# [Task to complete]
In the listing below, find the line containing "Volvo V70 Steering" and the line containing "4th image of 105 Diane Dr". Repeat exactly those two lines and every line between them, nothing more.

# [Available data]
════════
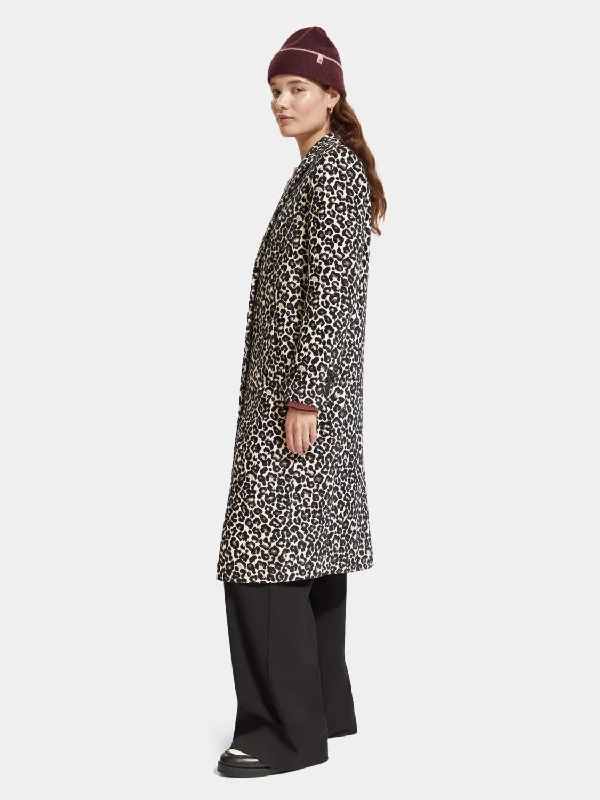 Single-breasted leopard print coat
════════
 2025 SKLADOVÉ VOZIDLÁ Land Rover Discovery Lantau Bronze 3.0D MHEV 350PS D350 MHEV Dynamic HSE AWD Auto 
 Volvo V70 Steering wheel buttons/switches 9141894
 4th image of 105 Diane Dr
════════
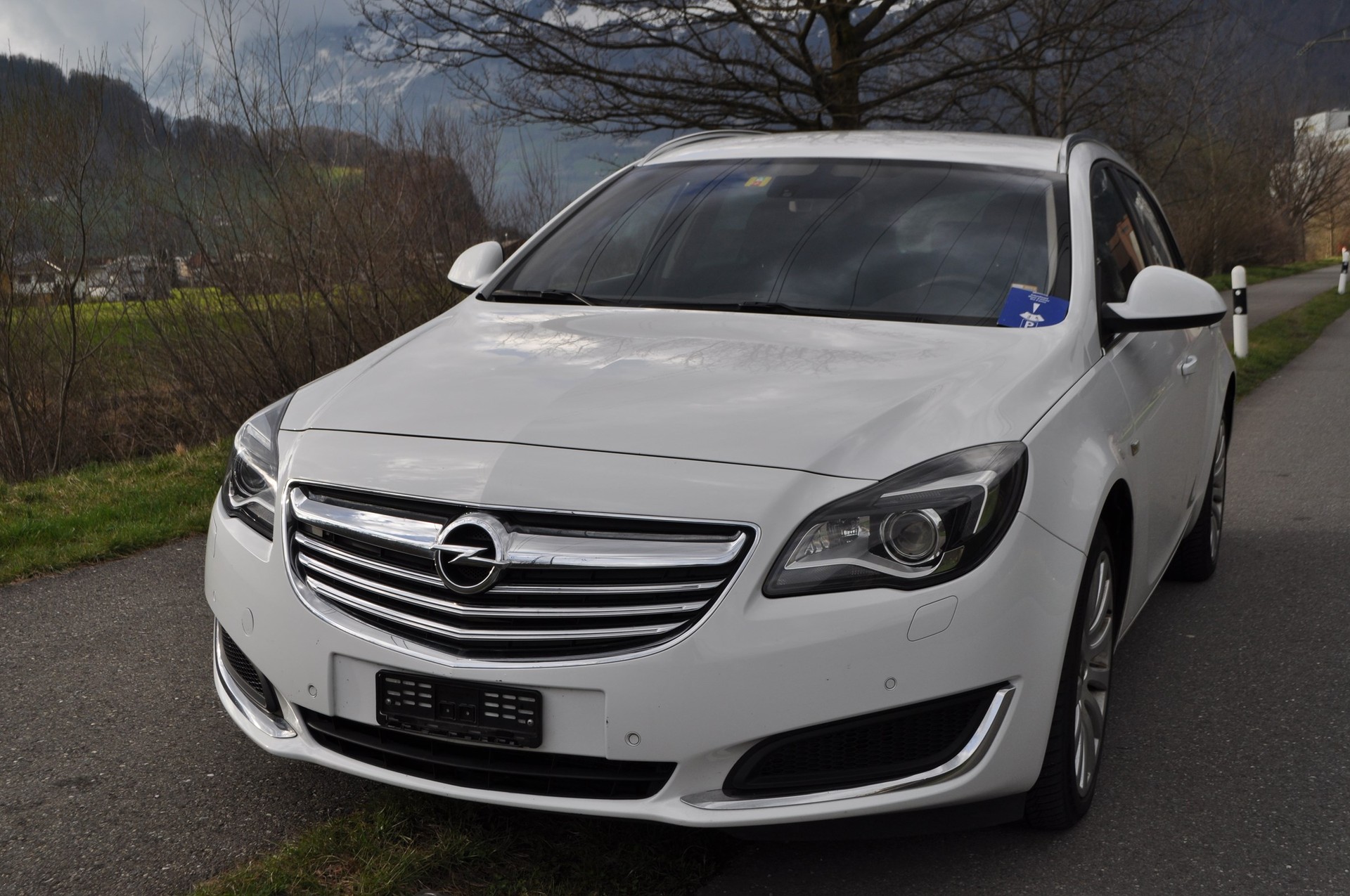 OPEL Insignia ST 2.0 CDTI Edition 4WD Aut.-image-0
════════
# [Answer to this problem]
 Volvo V70 Steering wheel buttons/switches 9141894
 4th image of 105 Diane Dr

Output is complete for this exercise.